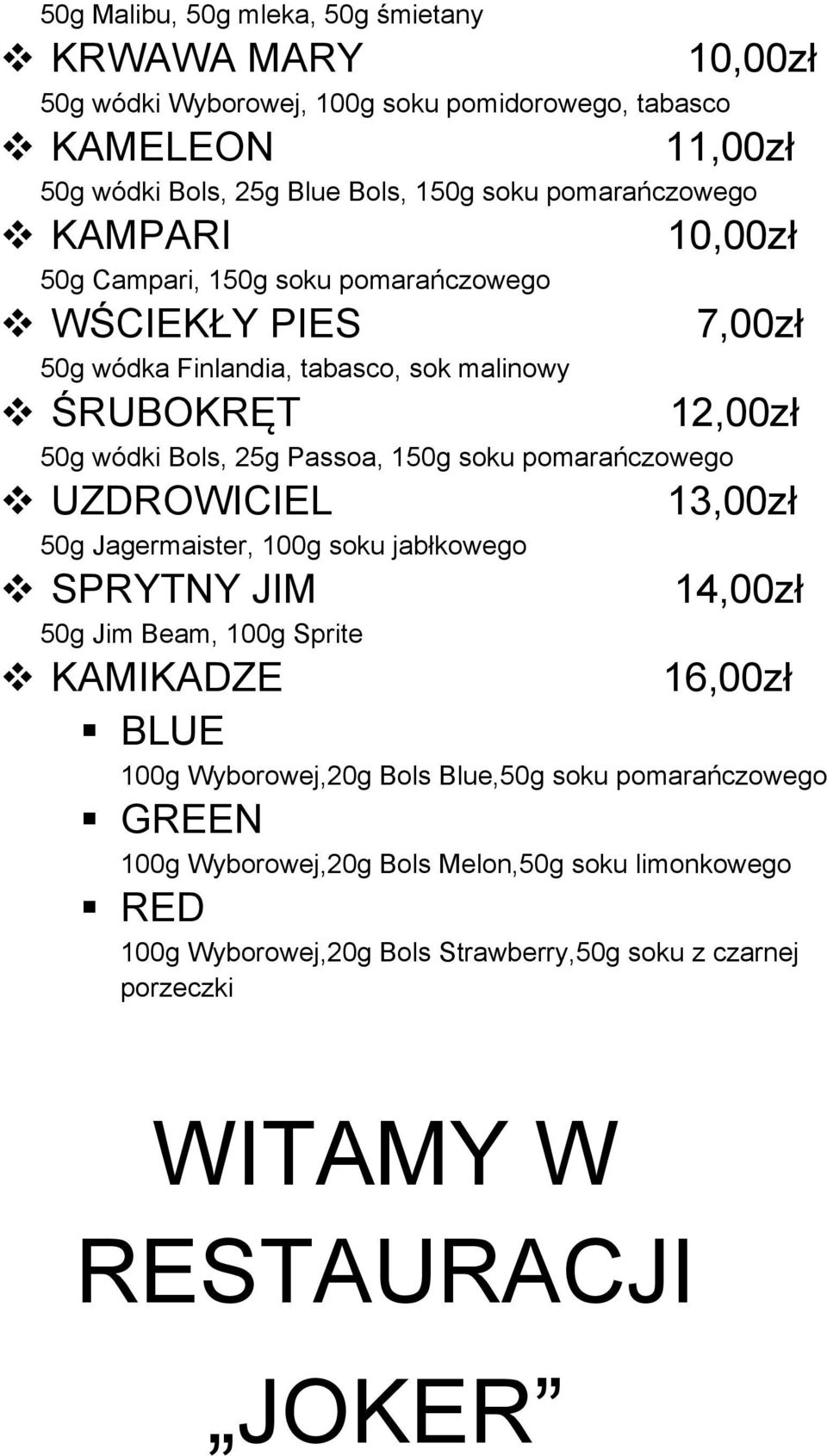pomarańczowego v UZDROWICIEL 50g Jagermaister, 100g soku jabłkowego v SPRYTNY JIM 50g Jim Beam, 100g Sprite 12,00zł 13,00zł 14,00zł v KAMIKADZE 1 BLUE 100g Wyborowej,20g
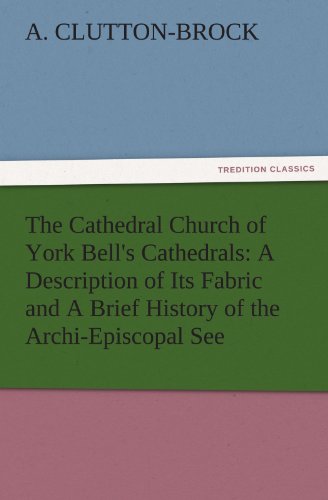 Cathedral Church of York Bell's Cathedrals  A Description of Its Fabric and A B [Paperback]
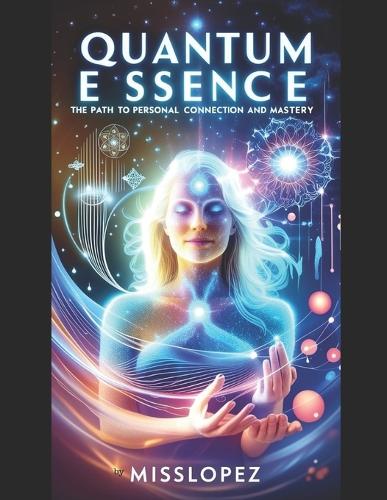 Quantum Essence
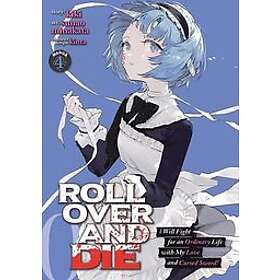 Kiki: ROLL OVER AND DIE: I Will Fight for an Ordinary Life with My Love and Cursed Sword! (Manga) Vol. 4
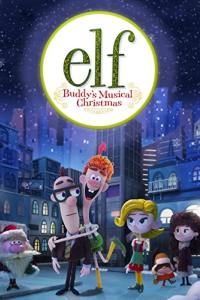 Elf: Buddy’s Musical Christmas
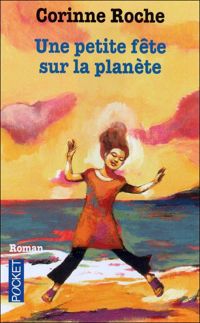 Couverture du livre PETITE FETE SUR LA PLANETE - Corinne Roche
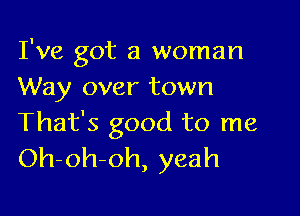 I've got a woman
Way over town

That's good to me
Oh-oh-oh, yeah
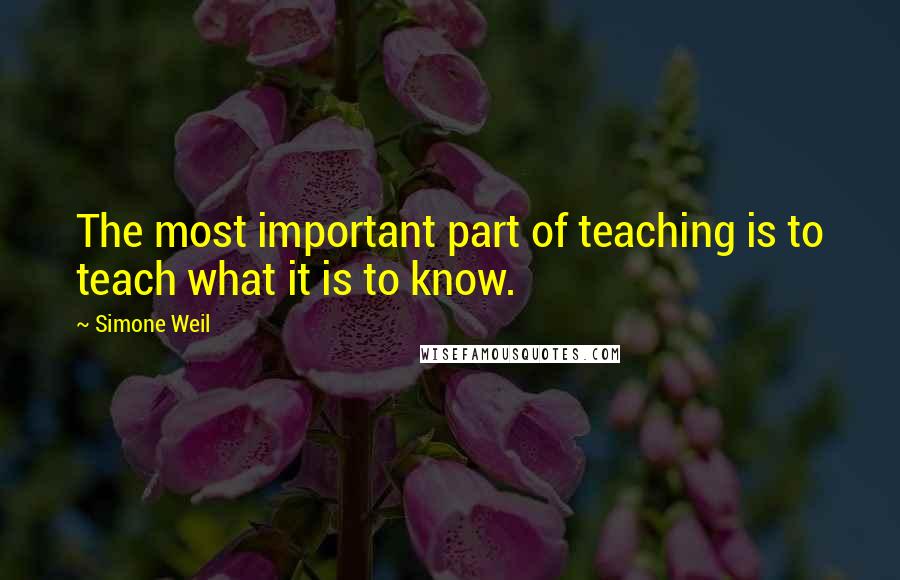 Simone Weil Quotes: The most important part of teaching is to teach what it is to know.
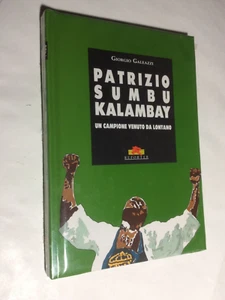 Patrizio Sumbu Kalambay campione venuto da lontano Giorgio Galeazzi pugilato - Picture 1 of 4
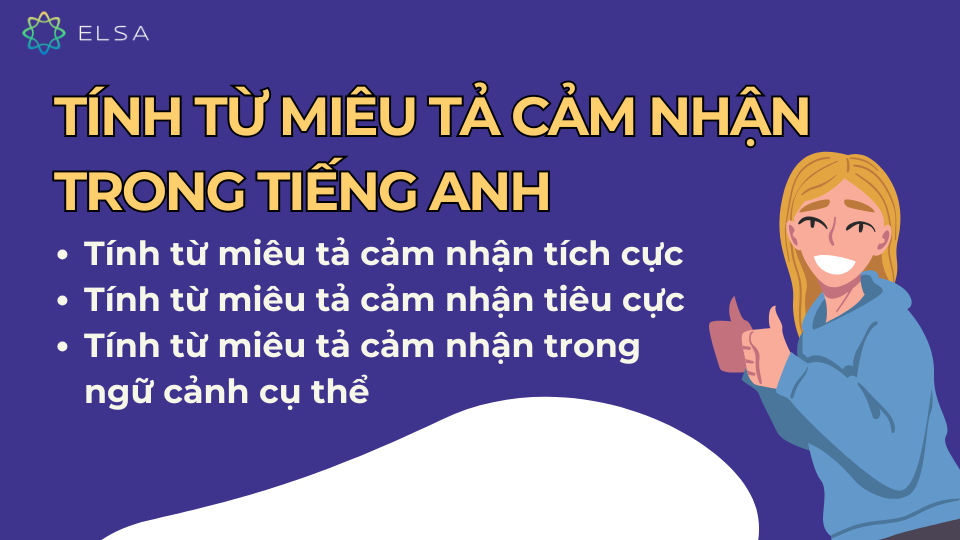 Tính từ miêu tả cảm nhận trong tiếng Anh Tính từ miêu tả cảm nhận trong tiếng Anh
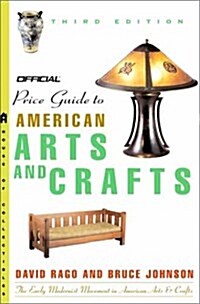 The Official Identification and Price Guide to American Arts and Crafts (Paperback, 3rd)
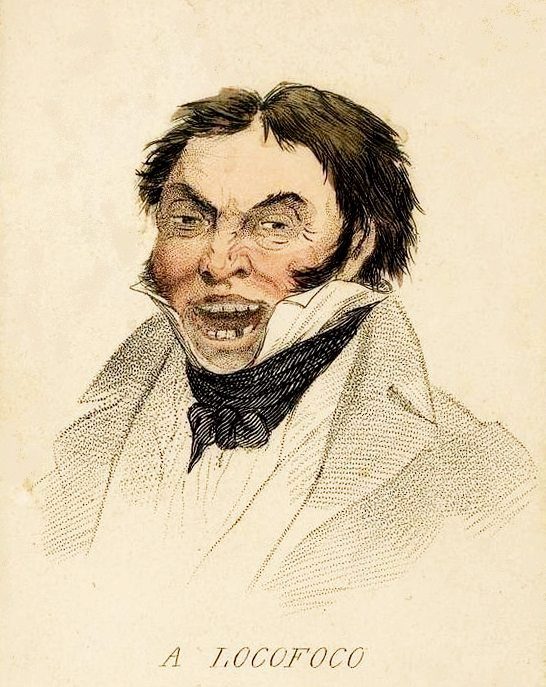 A satirical portrait of a snarling, disheveled man. Under the portrait is the identifier, "A Locofoco"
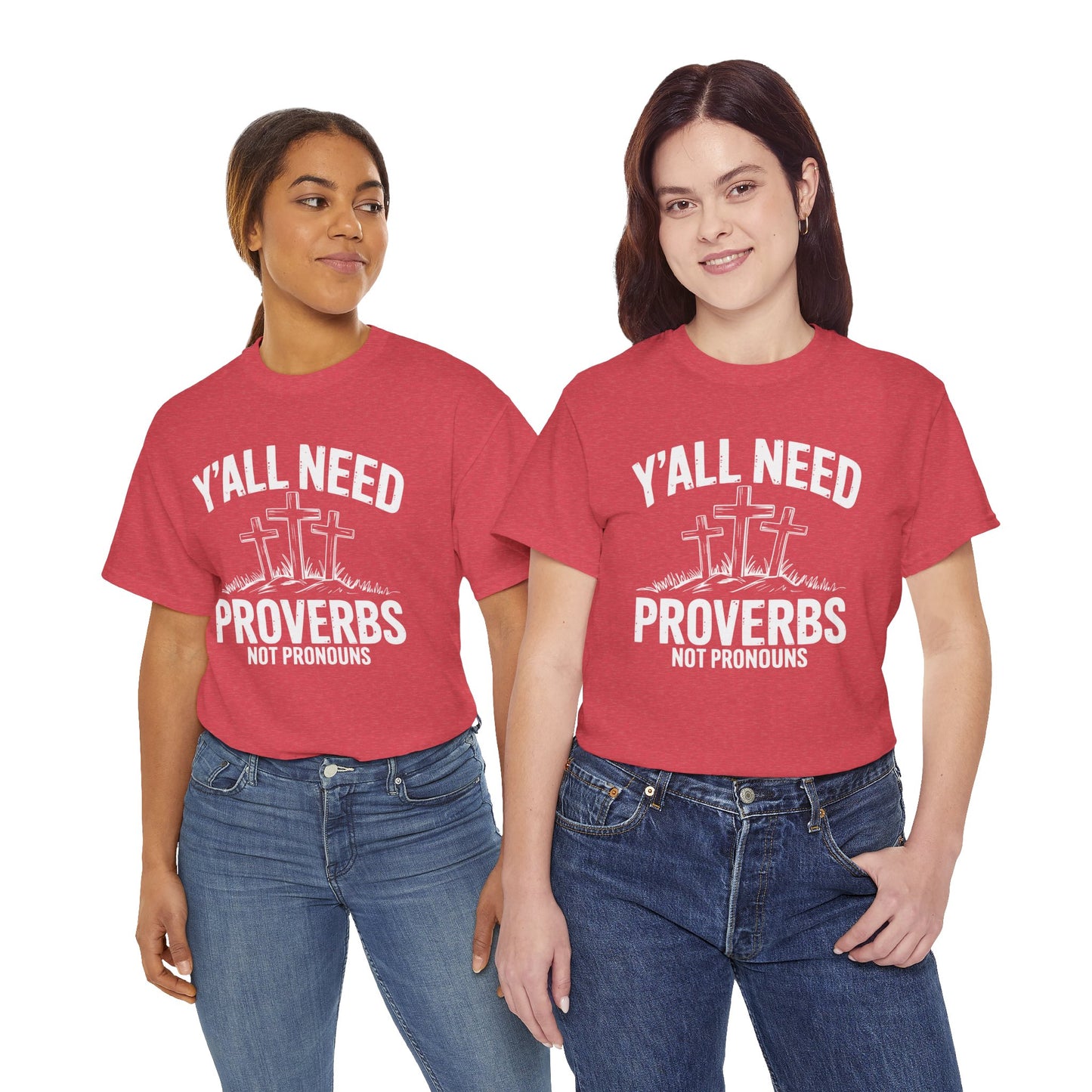 Y'all Need Proverbs Not Pronouns T-Shirt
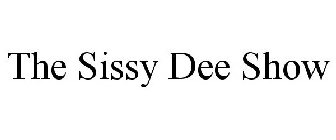 THE SISSY DEE SHOW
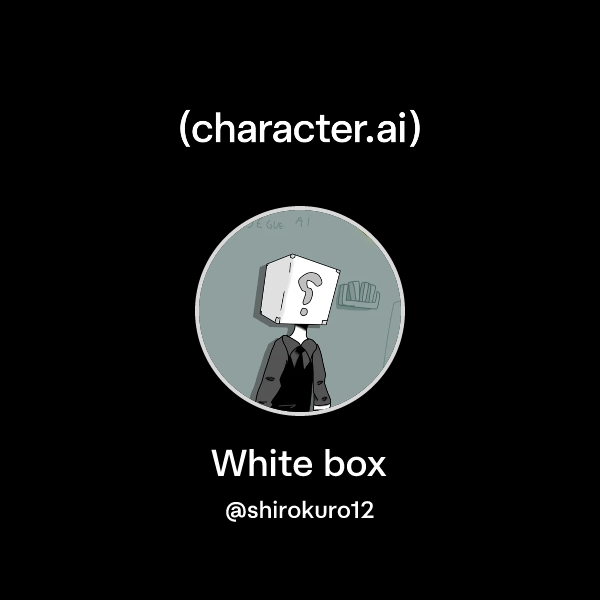 Chat with White box | character.ai | AI Chat, Reimagined–Your Words ...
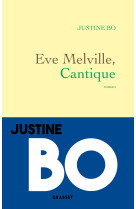 Eve melville, cantique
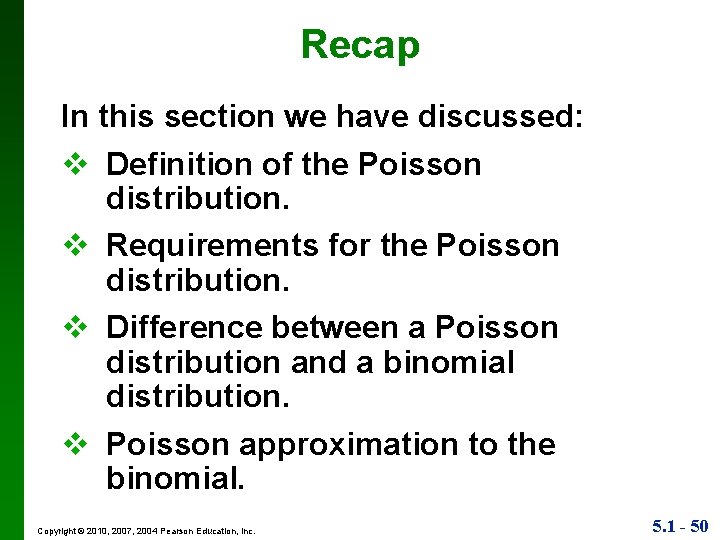 Recap In this section we have discussed: v Definition of the Poisson distribution. v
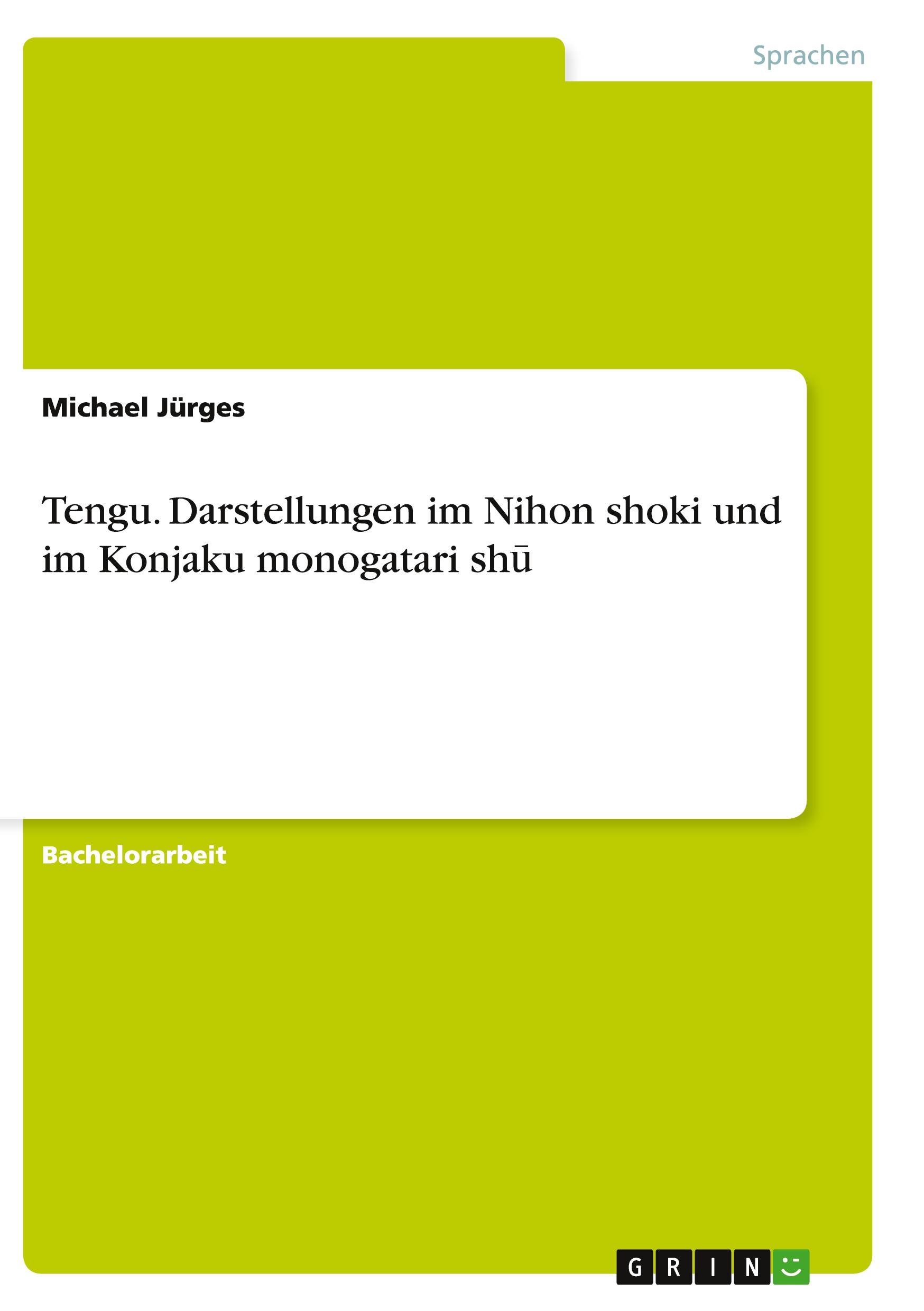 Tengu. Darstellungen im Nihon shoki und im Konjaku monogatari sh¿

○ ○ ○

• WHAT THE EXERCISE ASKS: Beginning with the line that holds "The Official Identification", return each line through the end of the records above exactly. Do not include pictures.

• RESPONSE TO THIS TASK:
 The Official Identification and Price Guide to American Arts and Crafts (Paperback, 3rd)
 A satirical portrait of a snarling, disheveled man. Under the portrait is the identifier, "A Locofoco"
 Y'all Need Proverbs Not Pronouns T-Shirt
 THE SISSY DEE SHOW
 Chat with White box | character.ai | AI Chat, Reimagined–Your Words ...
 Eve melville, cantique
 Recap In this section we have discussed: v Definition of the Poisson distribution. v
 Tengu. Darstellungen im Nihon shoki und im Konjaku monogatari sh¿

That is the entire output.